Activity - Down to the last line, set down the listing below exactly, apart from its pictures.

The data -
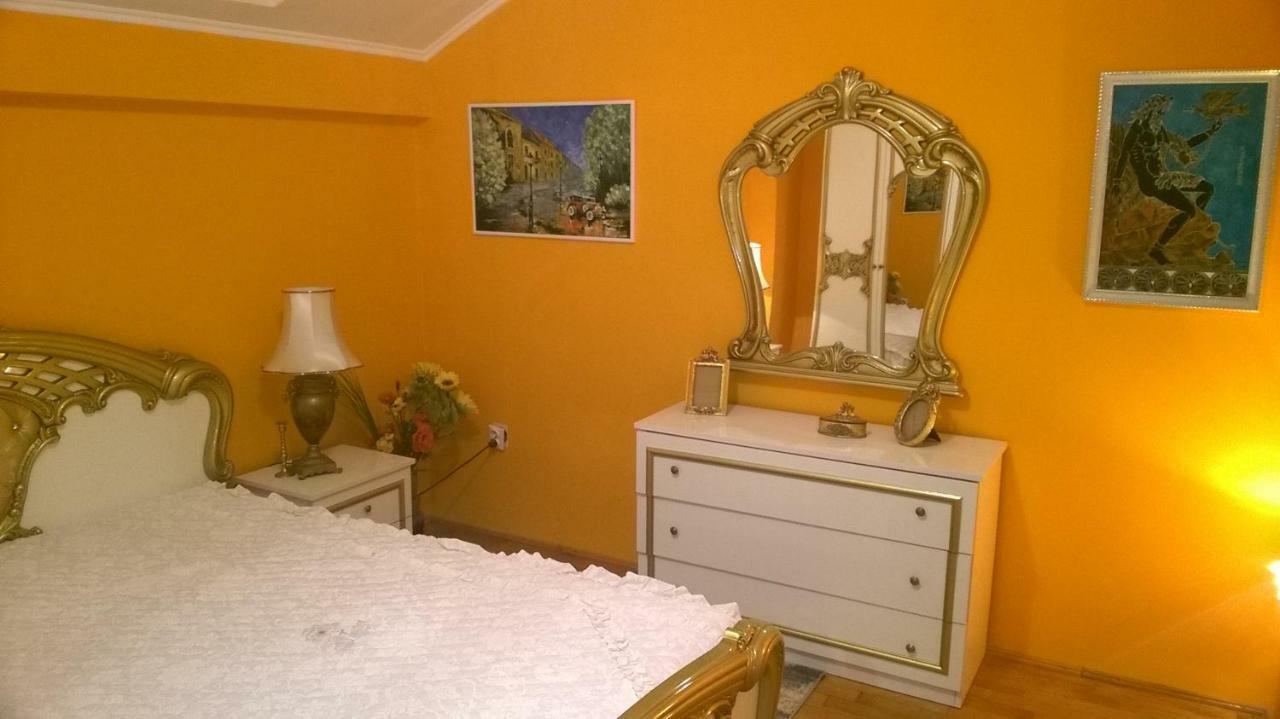 Dan Mija Apartment Mediaş Екстериор снимка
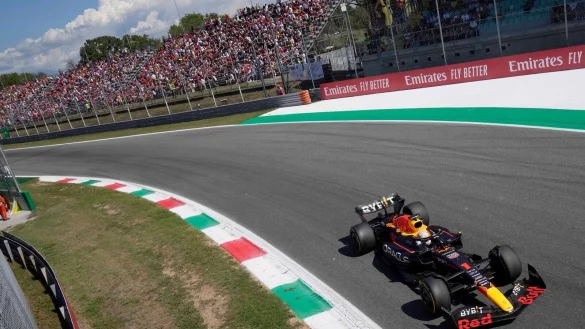 Sky verl&auml;ngerte seinen Medienrechte-Vertrag mit Formel 1 bis 2027. - &copy; Antonio Calanni/AP/dpa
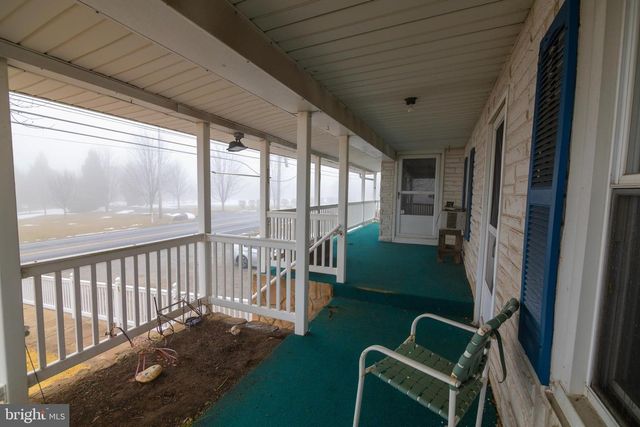 275 MANOR RD, Red Lion, PA 17356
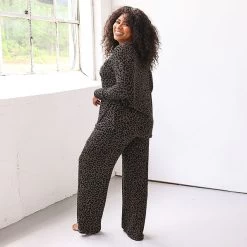 Monogrammed Pajama Set 17 Monogrammed Pajama Set -Fashion Clothing Store bs9 side profile of onyx leopard pajajmas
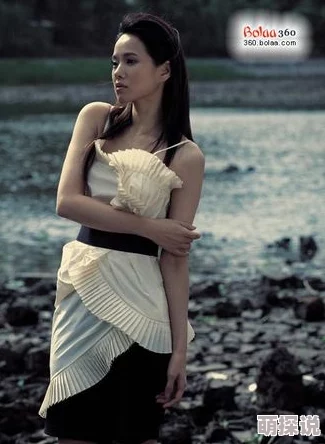 都市禁忌:猎艳风流美妇的秘密生活与欲望诱惑 都市禁忌:猎艳风流美妇的秘密生活与欲望诱惑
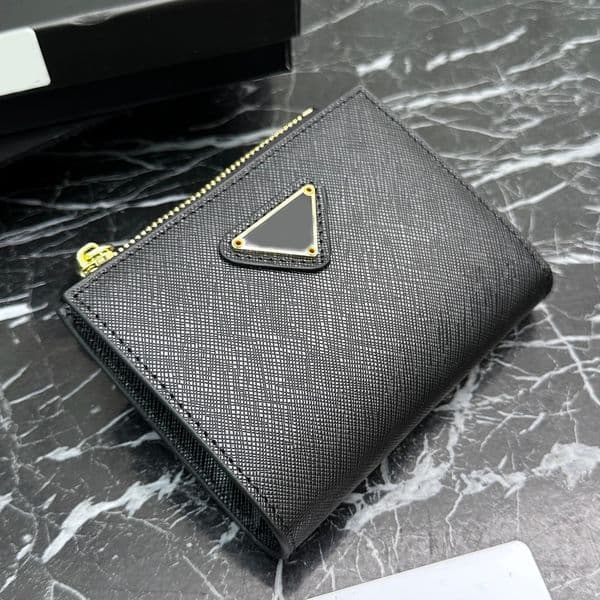 Womens Wallet Coin Pouch Zipper Poucht Slot Pocket Interior Compartment High Quality Leather Short Box Cardholder Designer Card Holder Women Wallets Designers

Solution to this task -
 Dan Mija Apartment Mediaş Екстериор снимка
 Sky verl&auml;ngerte seinen Medienrechte-Vertrag mit Formel 1 bis 2027. - &copy; Antonio Calanni/AP/dpa
 275 MANOR RD, Red Lion, PA 17356
 Monogrammed Pajama Set 17 Monogrammed Pajama Set -Fashion Clothing Store bs9 side profile of onyx leopard pajajmas
 都市禁忌:猎艳风流美妇的秘密生活与欲望诱惑 都市禁忌:猎艳风流美妇的秘密生活与欲望诱惑
 Womens Wallet Coin Pouch Zipper Poucht Slot Pocket Interior Compartment High Quality Leather Short Box Cardholder Designer Card Holder Women Wallets Designers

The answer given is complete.